Senin, 22 Juni 2015

Yogya-Magelang

Yogya-Magelang

Bre Redana  ;   Penulis kolom “Udar Rasa” Kompas Minggu
KOMPAS, 14 Juni 2015

                                                                                                                                                           
                                                                                                                                                           

Bolak-balik Yogya-Magelang kali ini serasa berada dalam kereta Seni Ekspres—untuk membandingkan dengan kereta jurusan Yogya-Solo bernama Prambanan Ekspres. Peristiwa seni membludag di Yogya bulan Juni ini. Magnitude-nya mencapai bukan saja Jakarta tapi juga kota-kota di Asia seperti Singapura, Hongkong, serta sejumlah kota di Eropa. Kalangan seni rupa terdiri dari perupa, kolektor, pengamat, art dealer, gallerist, artpreneur, dari kota-kota dunia tumpah ruah di Yogya.

Kalau di Yogya seluruh acara dibingkai dalam Jogja Art Weeks (JAW) dengan 100 lebih program, di Magelang ada Magelang Art Event di mana belasan galeri di kota ini secara bersamaan menyelenggarakan pameran. Dalam dinamika seni rupa kontemporer Indonesia, Magelang harus disebut, terutama karena adanya kolektor terkemuka di kota itu, Oei Hong Djien atau biasa dipanggil OHD. Tak ada yang meragukan sumbangan dia dalam mengorbitkan para perupa kontemporer Indonesia yang kebanyakan tinggal di Yogya.

Angin kencang menerpa OHD belakangan, karena dia dituduh mengoleksi sejumlah karya palsu. Ia disuruh membuktikannya, semacam proses terbalik, bukan si penuduh yang membuktikannya. Mungkin itulah yang membuat OHD cuma tertawa. Kalau yang dalam posisi OHD adalah seniman Sutanto Mendut, pasti dia bilang luweh.
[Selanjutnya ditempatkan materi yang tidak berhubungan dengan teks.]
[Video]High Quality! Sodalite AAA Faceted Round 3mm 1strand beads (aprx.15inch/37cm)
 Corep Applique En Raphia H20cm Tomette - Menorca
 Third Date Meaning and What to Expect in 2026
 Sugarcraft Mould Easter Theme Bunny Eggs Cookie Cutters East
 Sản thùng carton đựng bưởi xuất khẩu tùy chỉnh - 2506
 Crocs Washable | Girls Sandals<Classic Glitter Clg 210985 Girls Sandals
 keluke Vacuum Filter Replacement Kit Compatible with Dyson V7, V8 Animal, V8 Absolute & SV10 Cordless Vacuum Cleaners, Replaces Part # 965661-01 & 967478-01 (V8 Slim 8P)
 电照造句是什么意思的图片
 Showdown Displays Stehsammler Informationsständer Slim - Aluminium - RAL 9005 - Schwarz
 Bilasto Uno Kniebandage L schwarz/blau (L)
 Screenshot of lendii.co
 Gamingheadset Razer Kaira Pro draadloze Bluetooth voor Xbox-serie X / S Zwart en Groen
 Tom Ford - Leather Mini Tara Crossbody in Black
Di museumnya sekarang, bekerja sama dengan Mizuma Art Gallery, Tokyo, ia menggelar pameran menampilkan karya-karya perupa kontemporer seperti Nasirun, Made Wianta, seniman penuh harapan Albert Yonathan, juga seniman China yang namanya mendunia, A Wei Wei.
Episentrum kegiatan seni rupa ini ART|JOG. Memasuki tahun penyelenggaraan kedelapan, makin jelas bagaimana kegiatan yang dirintis oleh Heri Pemad tersebut menggerakkan berbagai kegiatan kreatif di Yogya. Workshop seni rupa, film, video, sastra, sampai kuliner, terselenggara mengambil kesempatan ramainya Yogya ketika ART|JOG. Efek ikutannya adalah aktivitas ekonomi, hotel, penginapan, restoran, warung, tempat makan lesehan, jasa travel, tukang pijat, dan lain-lain.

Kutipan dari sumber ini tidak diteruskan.